Anyway, Rails provides a templating system, it provides a nice set of classes and it starts you off with excellent organization and does a lot of the work for you.
I have actually found it is easy to switch to rails for the simple fact that it is NOT using php, because I would be too tempted to start just changing things and hacking it up. I really am more of a backend programmer than anything, I prefer JSON+JS for frontend work.

There are many many things I really like in rails so far, the AJAX support is astounding, in a few lines I can do what used to be a full days work. I am in love with database migrations, and the database model system, in one fell swoop it fixes 75% of the issues you run into with php apps and data validation.

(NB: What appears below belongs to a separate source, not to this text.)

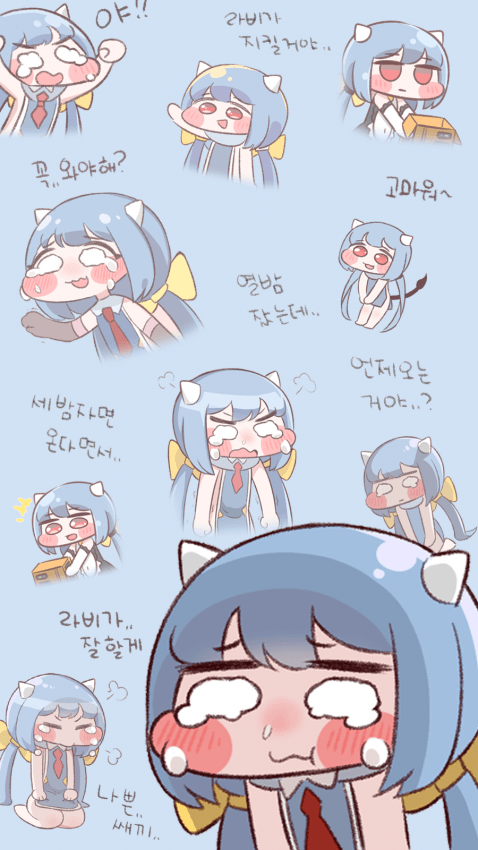 어떤 게임 고인물이 그린 게임 장례식 만화_3.png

It is not all roses though:
One of the main gripes I have is that the rails docs does not have a comment system like php.net … this is a total travesty and it needs to be done, most people get more from the comments than from the documentation. I myself have contributed several hundred comments to the PHP site over the years (which comprises of the majority of all the php-ncurses docs + undocumented php-ncurses functions) comgin from PHP this totally BLOWS not being able to have this kind of resource. Sure, fxri is a nice way to find stuff, but it would really be handy to not have to search all over to find rails docs with a little programmer commentary.

Rails has some tight control over globals and it is never easy for a programmer to know the “scope” of a variable or a function. Take “request” for instance, I had to dig around for a while to finally figure out this is where the rails equivalent of the PHP $GLOBALS was, and then I found out that it was not actually “global” because I could not call it within functions in a helper. Also it was not entirely clear what the @ and : variable signifiers were from the start, this was frustrating until I sort of figured it out.

The only other issue is not really rails specific, but due to the fact that working with rails you need to have so many files open that trying to use my editor “gvim” is difficult at best, even with buffers keeping on window for each directory I end up with thirty gvims open and have to hunt for things so I switched to jedit which kind of bothers me a bit becuase over the years I have collected some useful vim scripts that I love.. one is a code columnizer (nice groupings of code all line up) and others are for comments and timestamping as well as in-file only completion (which is handy when you are working with strange files to have completion for some of the strange stuff)

Not a lot of gripes really, rails is nice and I will be writing a lot more about here saying that I am diving really deep into it and soon will be working on server-side issues a lot.

I will try to keep this up to date a bit more.